Would you please repeat all of the data exactly, omitting the pictures?

» **DATA EXTRACTS**
##############################
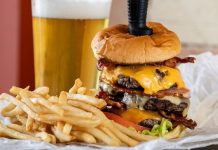 The Best Burgers— Frankly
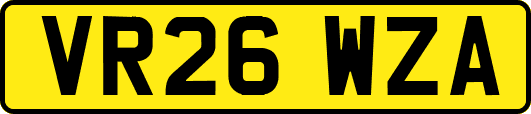 VR26WZA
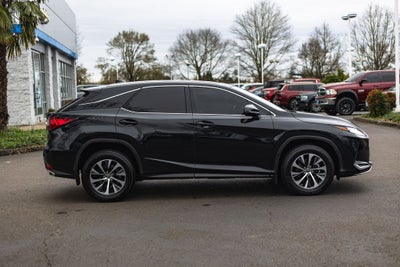 2021 Lexus RX 350
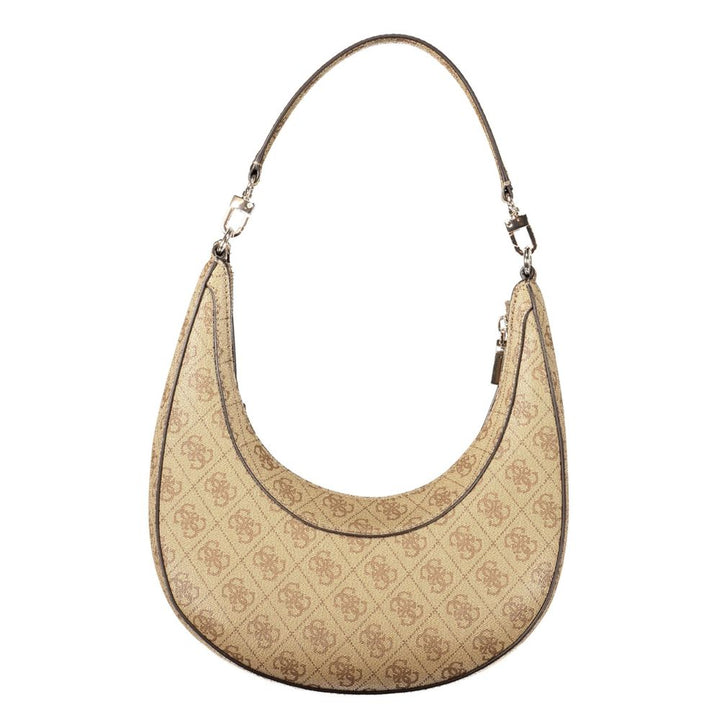 Guess Jeans Beige Polyurethane Women&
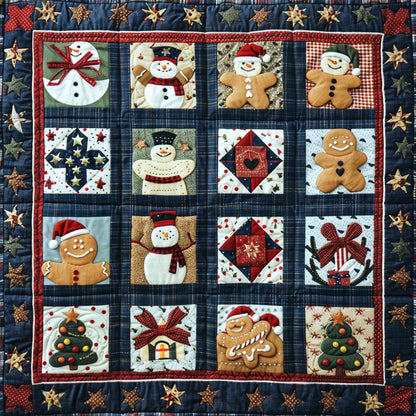 Christmas WM2407001CL Quilt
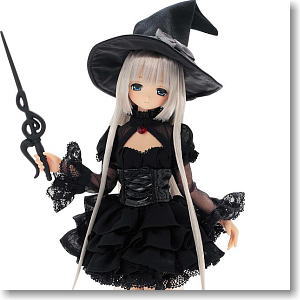 EX Cute Family Witch Girl Mia / Witch of the Note  (Fashion Doll)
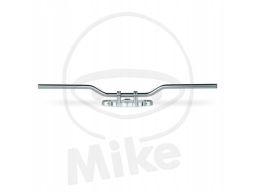 Mcl127Sa Kierownica Moto. Śr 22 Mm Stalowa Srebrn Trw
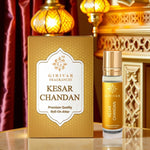 Kesar Chandan Attar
##############################
» **EXERCISE SOLUTION**
 The Best Burgers— Frankly
 VR26WZA
 2021 Lexus RX 350
 Guess Jeans Beige Polyurethane Women&
 Christmas WM2407001CL Quilt
 EX Cute Family Witch Girl Mia / Witch of the Note  (Fashion Doll)
 Mcl127Sa Kierownica Moto. Śr 22 Mm Stalowa Srebrn Trw
 Kesar Chandan Attar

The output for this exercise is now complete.